Sixteen years after graduating from Creighton, Jessica St. Clair Muñoz says she is still in awe.

“It’s interesting how inspiring a scholarship can be when you realize someone saw potential in you-- potential that warranted such a significant and generous investment. I still think about this a lot. It’s not an exaggeration to say the scholarship was life changing.”

Muñoz, a 2005 School of Law graduate, was the recipient of the Frances Ryan Diversity Scholarship. The scholarship, both the financial element and the community it symbolized to Muñoz, was a deciding factor for her to enroll at Creighton.

Jessica St. Clair Munoz, JD'05

“Knowing all of the options people have for donating their money and that they chose to invest in a scholarship fund, and ultimately in me, it’s kind of head-spinning when you stop and think about it that way.”

In March Muñoz was reintroduced to the Frances Ryan Diversity Scholarship, not as a recipient, but as a donor. The scholarship was one of a number of campaigns on Creighton’s 4th annual day of giving. Muñoz was among the nearly 2,900 alumni, faculty, students, and friends who came together to make 2021 Creighton’s biggest Giving Day to date.

“I was so excited when I saw the scholarship listed. Although there’s really no way for me to repay everything that the gift has done for me, I understand that every little bit helps.
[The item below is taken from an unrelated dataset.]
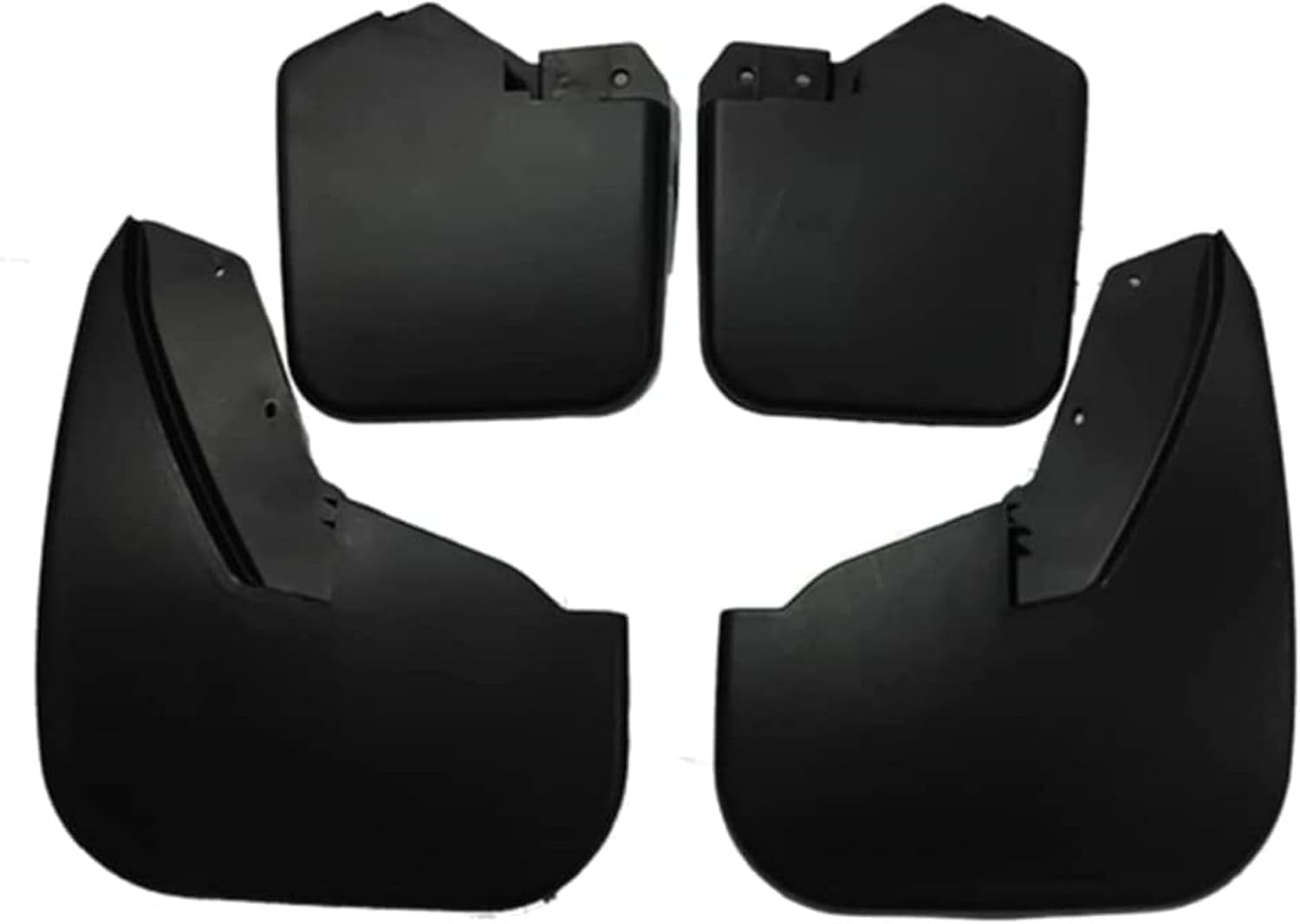 WeiYH No Drill Mud Flaps for Car Front Rear Wheel for Ford Transit Tourneo Custom 2012-2018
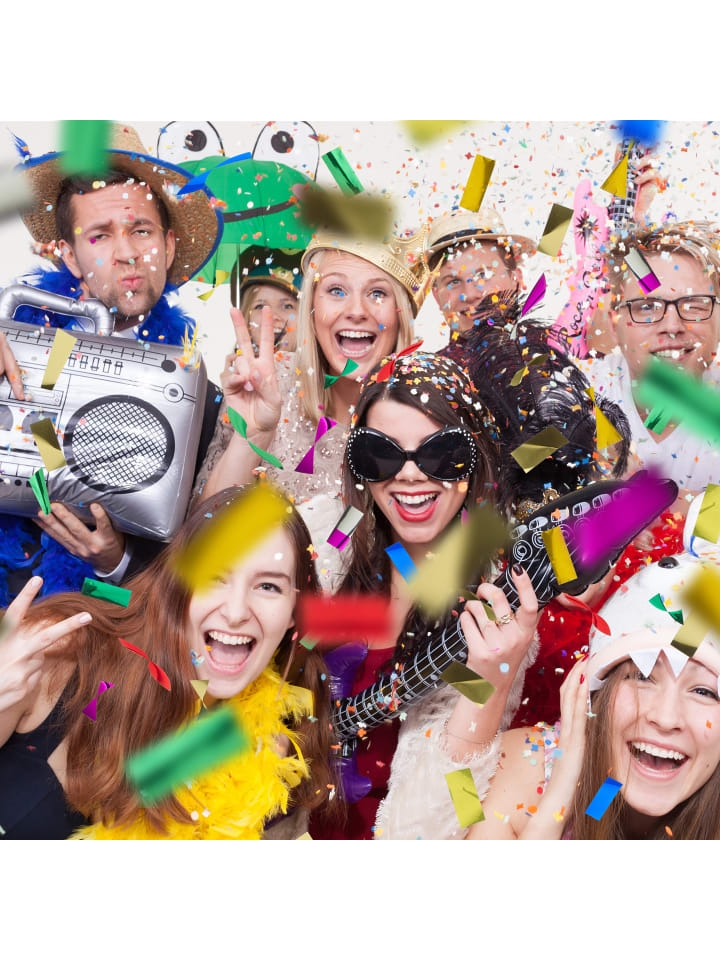 relaxdays Party Popper Streifen in Bunt - 40 cm günstig kaufen onesize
It’s important to me to pay it forward in whatever little bit I can.”

Giving Day is a 24-hour online fundraising event that gives the Creighton community the chance to support areas of campus most meaningful to them. Over the last few months, Muñoz says she has been thinking a lot about the Ryan Scholarship.
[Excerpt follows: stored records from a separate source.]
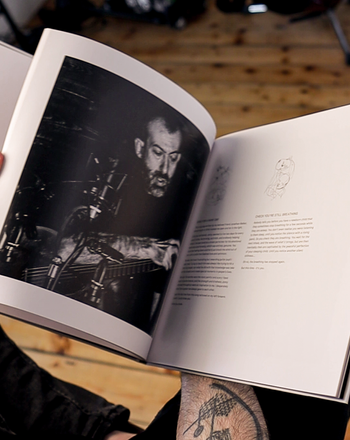 Deluxe book edition of The Faintest Idea album. Jon Gomm raffle prize
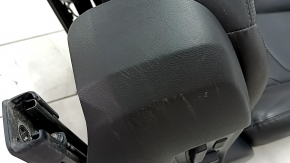 Driver's seat Mazda CX-9 16- with airbag, electric, heated, black leather, perforation, dented, scratches, needs cleaning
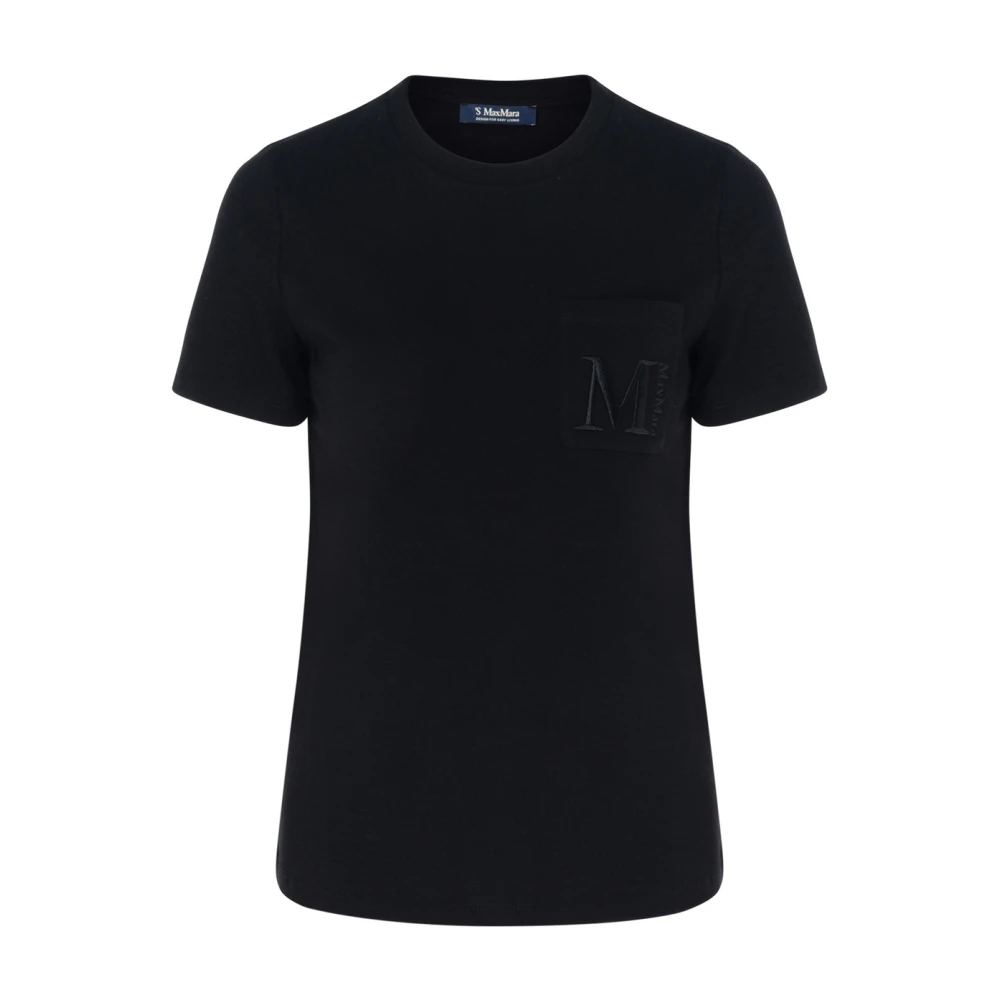 Max Mara Zwart Katoenen T-shirt Black Dames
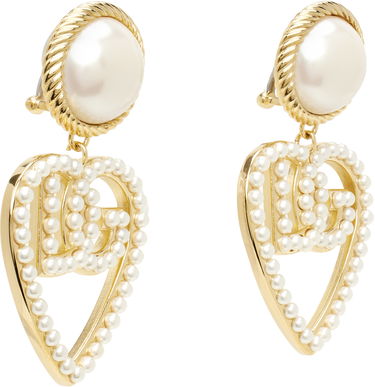 Øreringe Dolce & Gabbana DG Logo & Heart Pearl Earrings Metalisk | WEQ6L4 W1111, 1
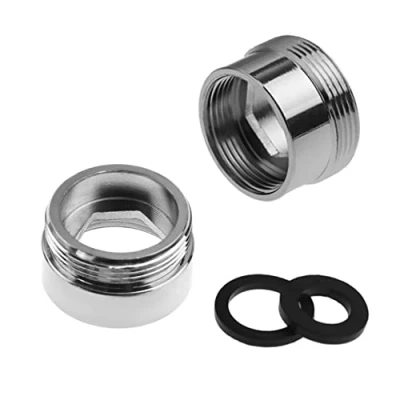 Image of 2pcs Tap Water Filter Faucet Adapter, Brass Aerator Connector Thread Adapter (Female 22mm to Male 22mm)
“I went to law school with the notion that I wanted to help people, especially children and vulnerable populations. Scholarship gave me confidence and security that I would be able to do the type of work that I wanted to do in in the legal field. I found my calling and each day experience the impact of the gift.”

Muñoz is the executive director for Voices for Children in Riverside County, California. Voices for Children transforms the lives of abused, abandoned, or neglected children by providing them with trained, volunteer Court Appointed Special Advocates.

“There is too much work and too much need for one person to address alone. I’ve learned that working in a community-based way, applying innovative ways to achieve our desired outcomes for vulnerable populations, and to continue engaging others in our mission is how I can make a difference.”

To work with children and to be of service to others is all that Muñoz has ever wanted to do.

“I hope that through the work I’ve done and will continue to do that I have I amplified the impact of the Frances Ryan Scholarship and have lived up to her legacy.”

The late Frances Ryan came to Creighton in 1973 as the first female professor in the School of Law. She was known as a trailblazer and a champion for diversity.